April Fools’ Day: the day of the year when paranoia reigns and you can’t make it out of the front door without being subjected to a cruel prank. Join us as we keep you informed of the best, worst and downright funniest tricks of April 1st.

http://www.independent.co.uk/news/m...es-from-the-day-we-love-to-hate-10146719.html

Some funny ones


----------



## Monica (Apr 1, 2015)

Well, I've just played the Pac Man game on Google Maps.

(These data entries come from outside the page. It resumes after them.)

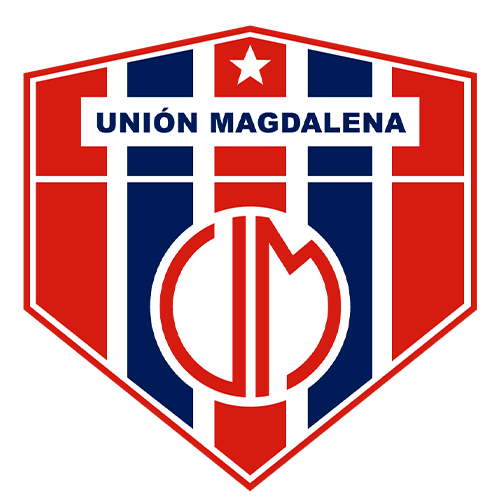 Logo of Unión Magdalena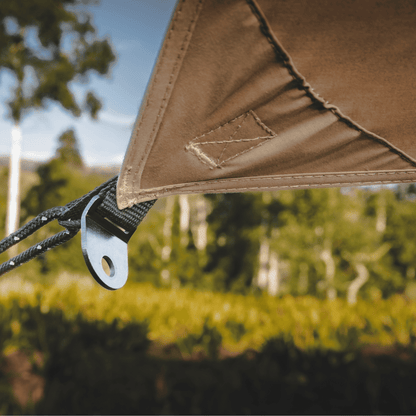 Sunshade Tarp 100
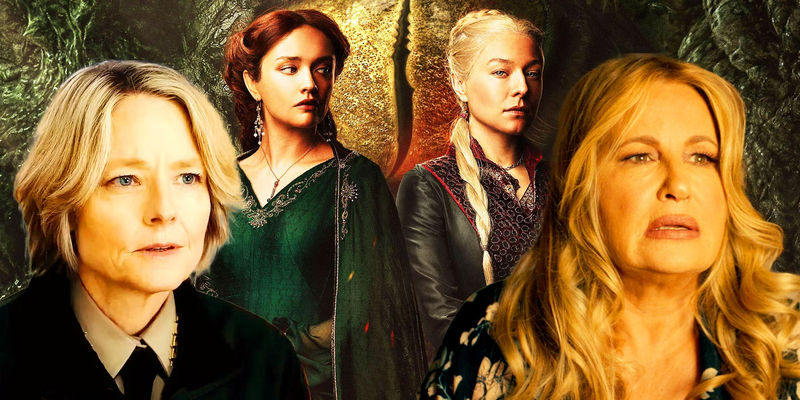 The Ultimate Guide to HBO's Spectacular TV Lineup in 2024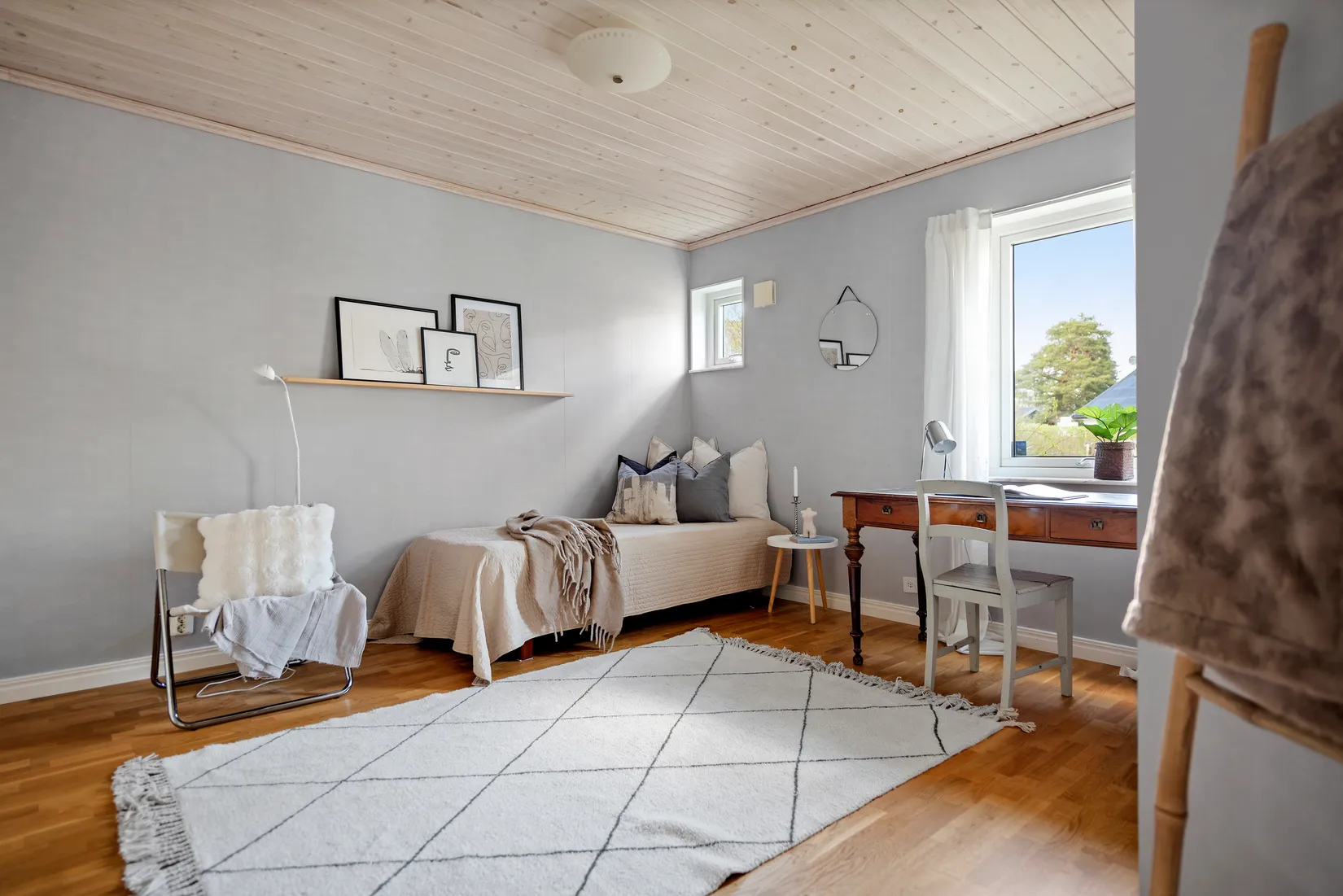 Villa, Kyrkvägen 38, Täby Kyrkby, Täby
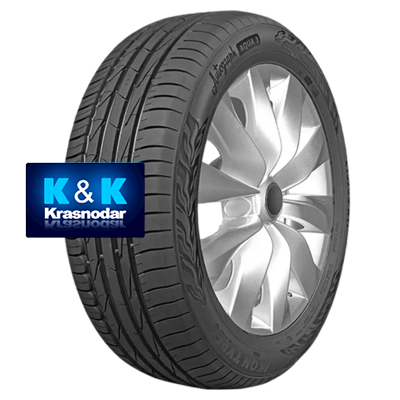 Шины Ikon Tyres Autograph Aqua 3 SUV 235/60 R18 107H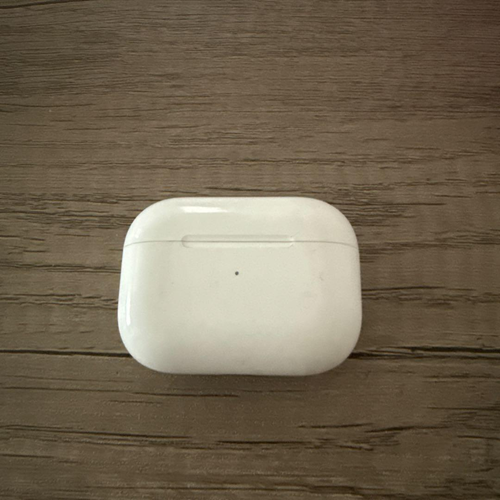 Airpods Body Pro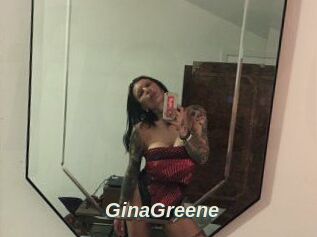 Gina_Greene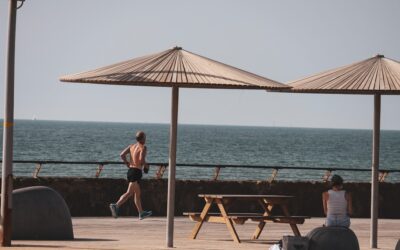 Beginnen met hardlopen in de zomer: do’s en don’ts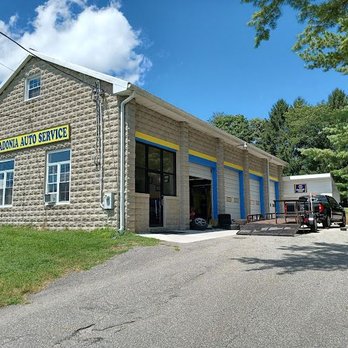Padonia Auto Service - View from road - Auto Repair Near Me - Parkton, Maryland Padonia Auto Service - View from road - Auto Repair Near Me - Parkton, Maryland
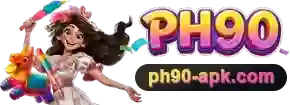 PH90 logo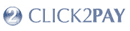 click2pay logo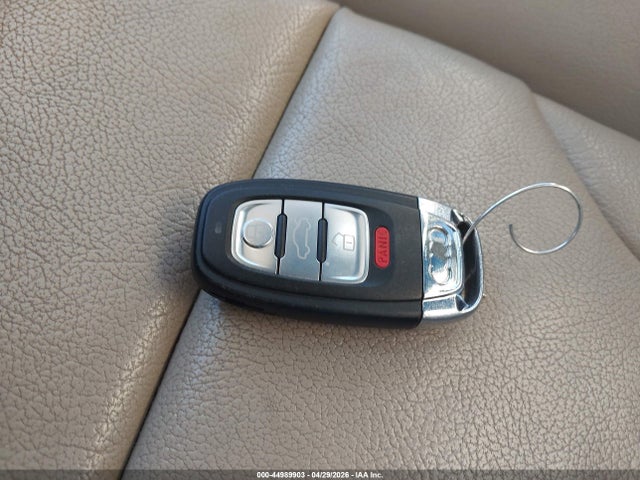 Audi Q5 2.0t Premium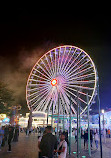 Tour du Prater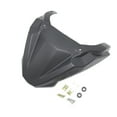 thumbnail image 2 of tredstone Fashionable Dirtboard For Motorcycle Front Cowling Compatibility Moto Accessory Easy Installation Black 1Set, 2 of 6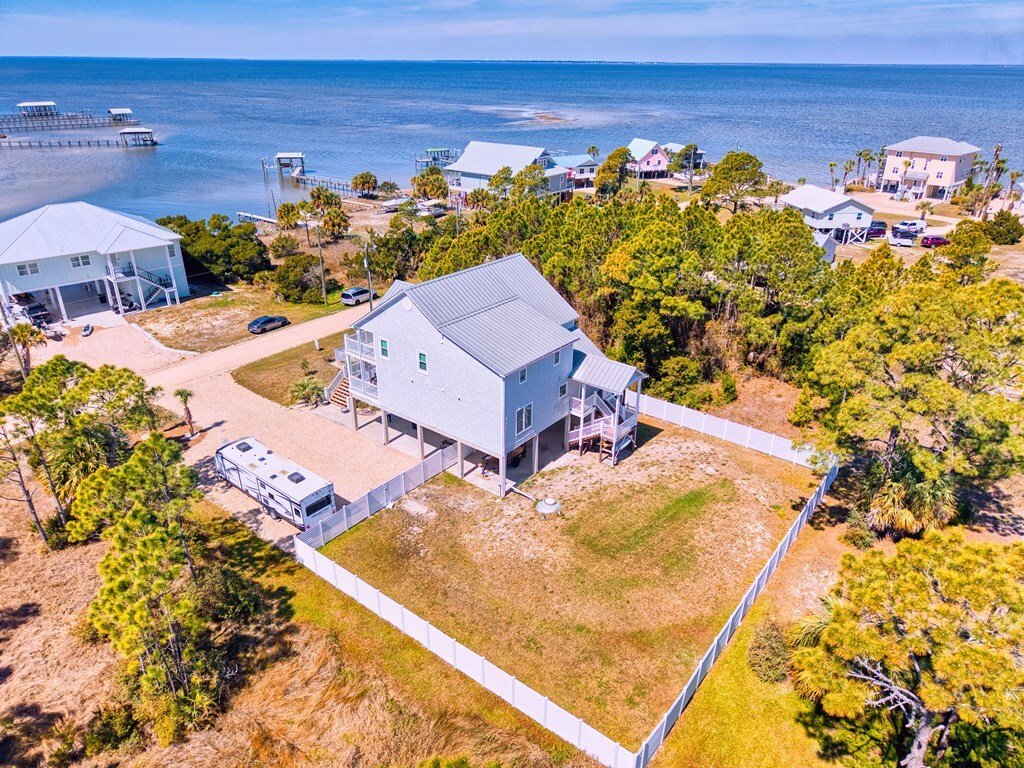House in Saint George Island, Florida, United States 4 - 18091241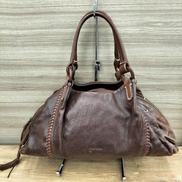 革ハンドバッグ|GENTEN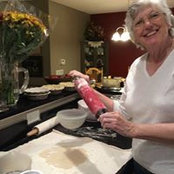 Charlene May's photo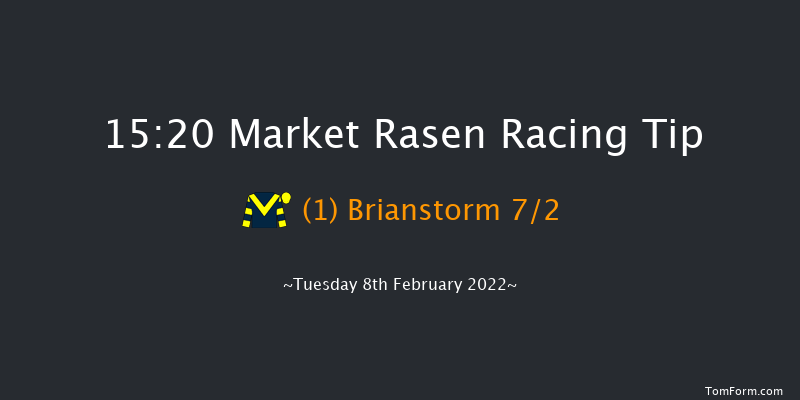 Market Rasen 15:20 Handicap Chase (Class 4) 24f Sun 26th Dec 2021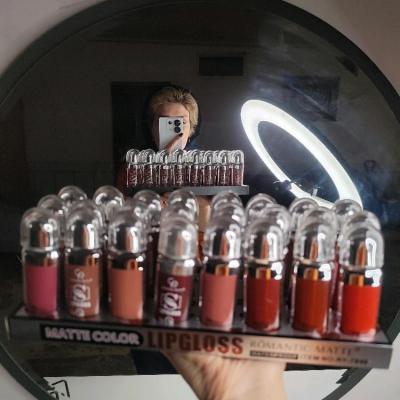 لیپ گلاس کره ای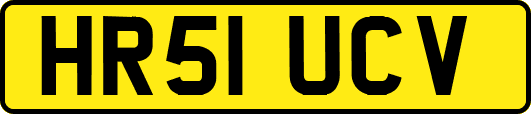 HR51UCV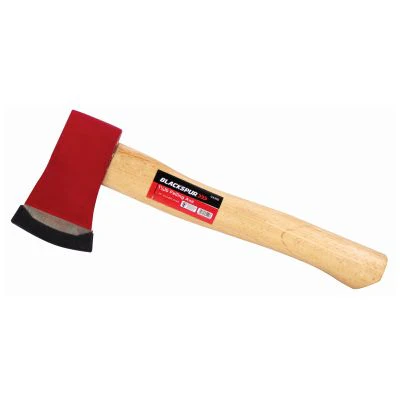 1.25lb Hand Axe Felling Hatchet With Blade Protector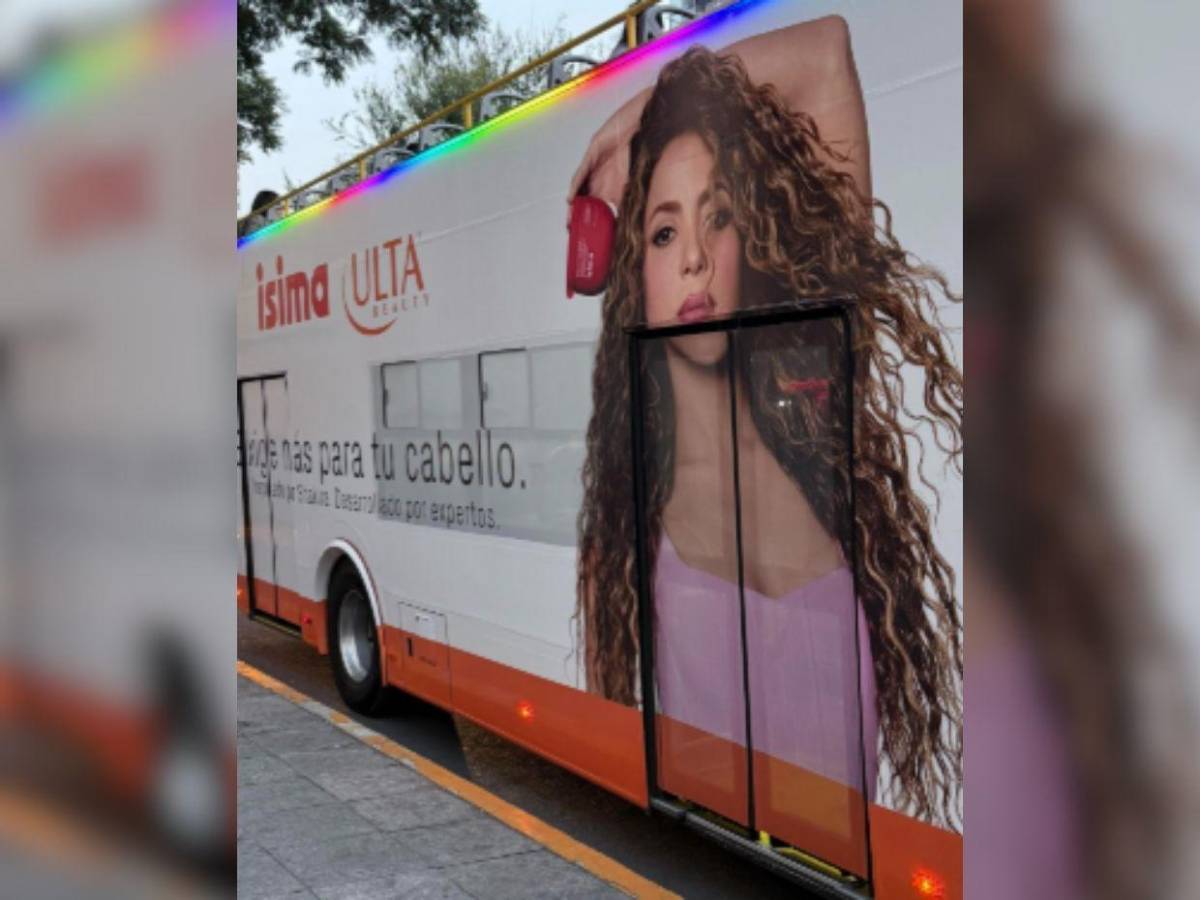 ¿Cuánto dinero tiene Shakira y cuáles son los ingresos que alimentan su imperio?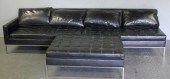Harvey Probber Midcentury Sofa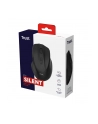 trust Mysz Nito Silent Wireless - Czarna - nr 17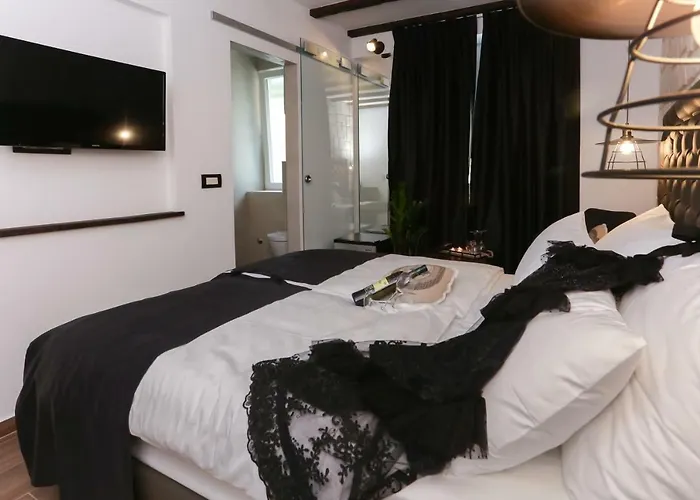 Penzion Luxury Dino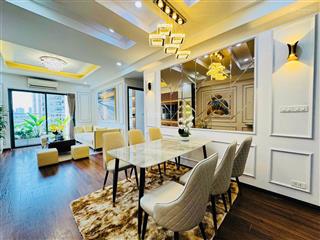 Chính chủ bán căn hộ 3pn dt 80m2 chung cư imperia garden, đầy đủ nội thất  giá 9 tỷ  0932 392 ***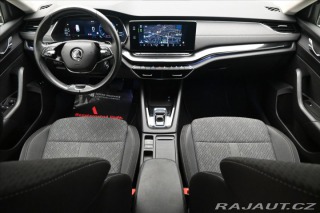 Škoda Octavia 2,0 TDI 110kW DSG StyleTa 2022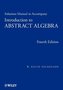 Solutions Manual to Accompany Introduction to Abstract Algebra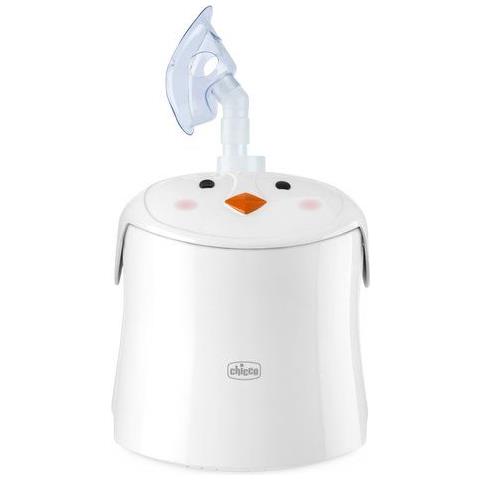 Aerosol Chicco 11482 Easy Breath Pinguino White - Foto 1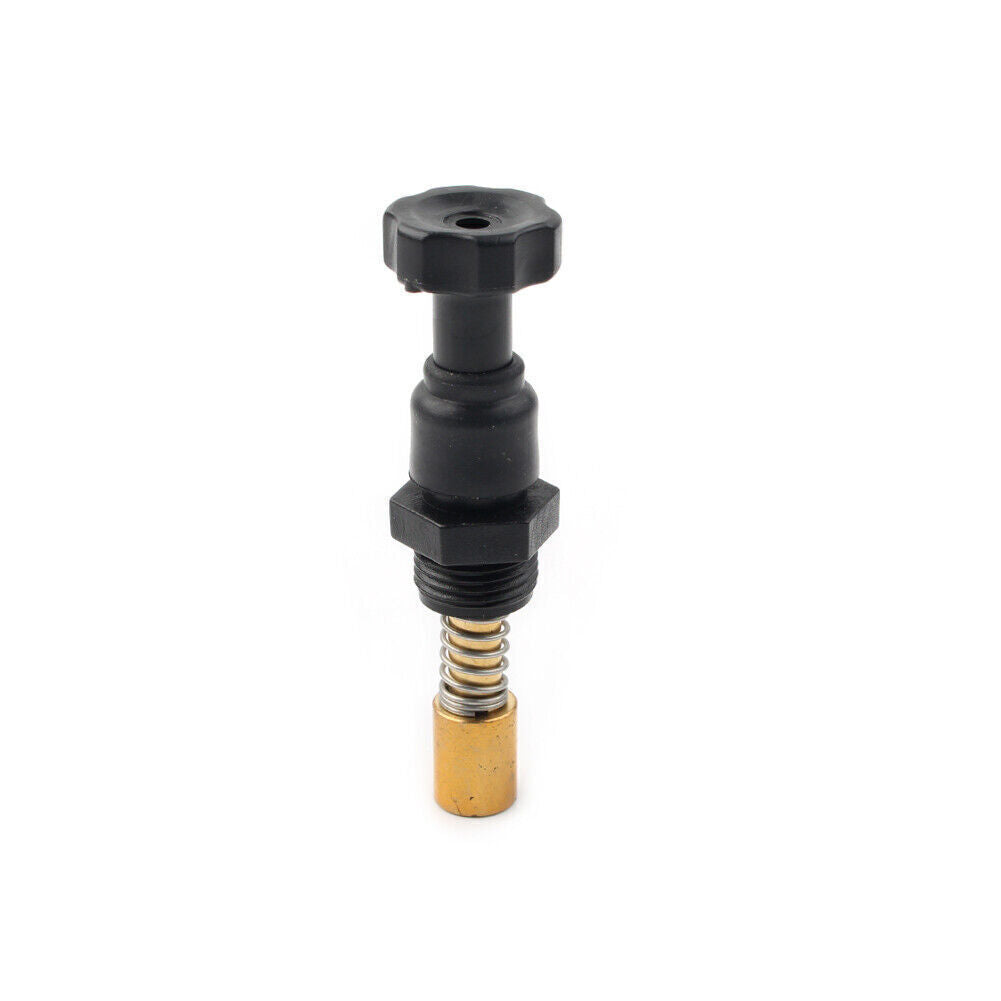 for Honda CRF250X CRF150R CRF250R CRF450R Carburetor Kit Choke Plunger Valve Set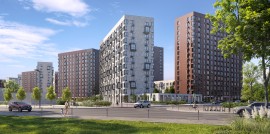 Москва, Ленинградское ш, 229Ак2, Продажа, Квартира или комната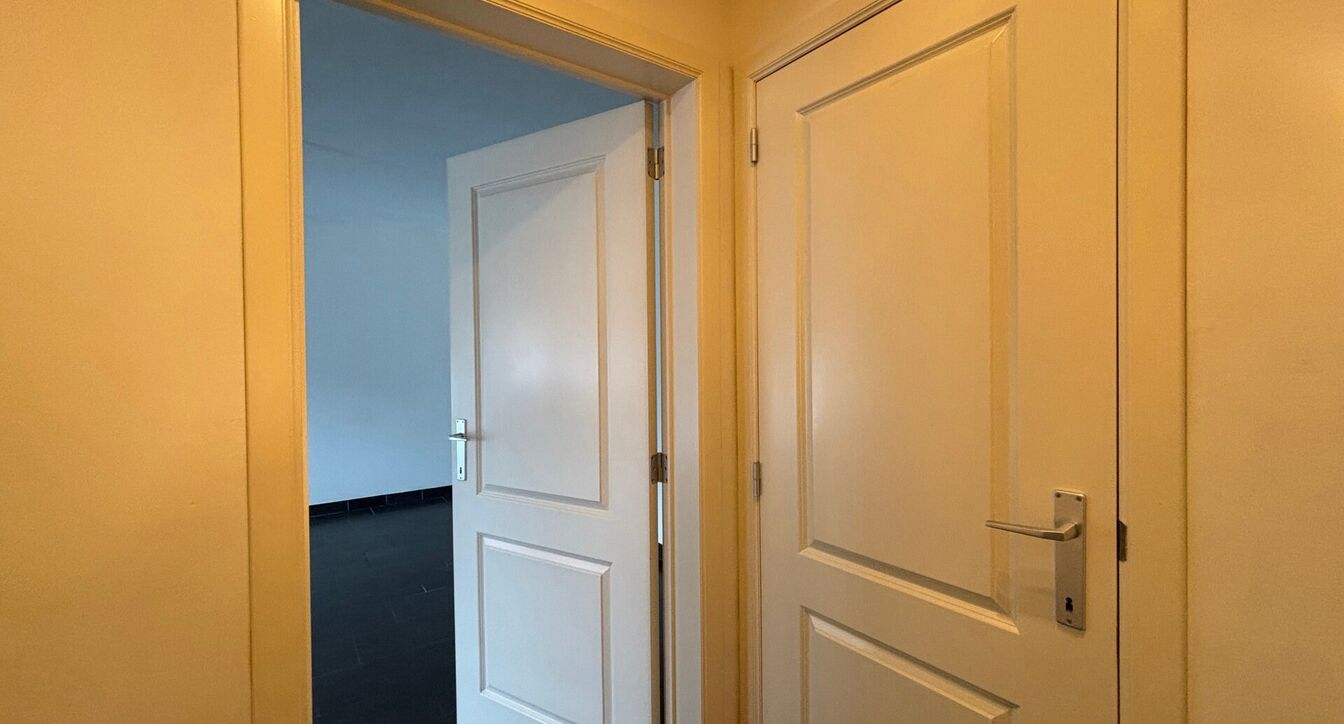 Appartement te huur in Turnhout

I guess that one was a reverse April Fool, as I really thought it WAS an April Fool


----------



## Copepod (Apr 1, 2015)

I like the BBC Springwatch one about a crocodile nest in Avon Gorge near Bristol. The fact that the sex ratio of hatchlings of many reptile species depends on temperature of nest pile could easily be considered an April Fool.


----------



## robert@fm (Apr 2, 2015)

10 stories which look like April Fool's pranks but aren't

Too much dancing on the fight floor!


----------



## ypauly (Apr 2, 2015)

One of our engineers got his manager to ring our local electrical suppliers to speak to Kay Bull about an order query


----------



## Northerner (Apr 2, 2015)

ypauly said:


> One of our engineers got his manager to ring our local electrical suppliers to speak to Kay Bull about an order query



Teehee!    No pay rise for him!


----------



## Maryanne29 (Apr 4, 2015)

I got my Insight on 1 April'


----------